The winning bidder for TikTok’s U.S., New Zealand and Australian operations could be announced as soon as Tuesday (Sept. 1), sources told CNBC.
But the source did not reveal or perhaps did not know whether the winning bidder is the team of Microsoft Corp. and Walmart Inc., Oracle, Twitter or an unnamed company that has negotiated under the radar.
The saga began on Aug. 6 when President Donald Trump issued an executive decision to ban transactions with TikTok or its parent company, China-based ByteDance Ltd., within 45 days. Later, Trump issued an order that gave the China-based company 90 days, until Sept. 20, to divest its U.S. TikTok operations.
Trump raised security issues alleging the app could be taking personal information from TikTok users and passing it on to the Chinese government. ByteDance has denied the allegations and filed suit in U.S. District Court for the Southern District of California, where TikTok’s American operations are based. ByteDance argues Trump’s far-reaching action is unconstitutional because it failed to give the company a chance to respond. It also alleges that the administration’s national security justification for the order is false.
Last week, TikTok’s interim head said the popular video-sharing app and the retail giant have lots in common and she likes the pairing.
“I think there’s a lot of different synergies there,” Vanessa Pappas told “Squawk Box.” “For us, we’ve been really focused recently on rolling out some eCommerce features. We’ve been providing that for our creator community as another way for them to earn a livelihood.”
Walmart has confirmed it is teaming up with Microsoft to buy TikTok’s U.S. headquarters in Culver City, California, as well as the company’s operations in Canada, Australia and New Zealand.
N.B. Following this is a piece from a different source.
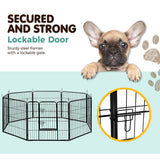 i.Pet 32" 8 Panel Dog Playpen Pet Exercise Cage Enclosure Fence Play Pen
The deal could be worth as much as $30 billion.
“I think if you look at the various players and the partners that we’re hearing from, I think they’re amazing tech companies,” Pappas said. “Oracle has its strengths in terms of being a leading data infrastructure company and focused on security … Microsoft as well, great security and privacy platform as well as everything they’re doing with [the] cloud.”
The network reported Walmart preferred majority ownership in the deal that would have included Alphabet Inc., Google’s parent company, and SoftBank. But U.S. government officials made it clear a tech company should lead the deal, according to sources and the Alphabet and Soft Bank dropped out. Under the terms of the deal with Microsoft, Walmart would be a minority owner of TikTok.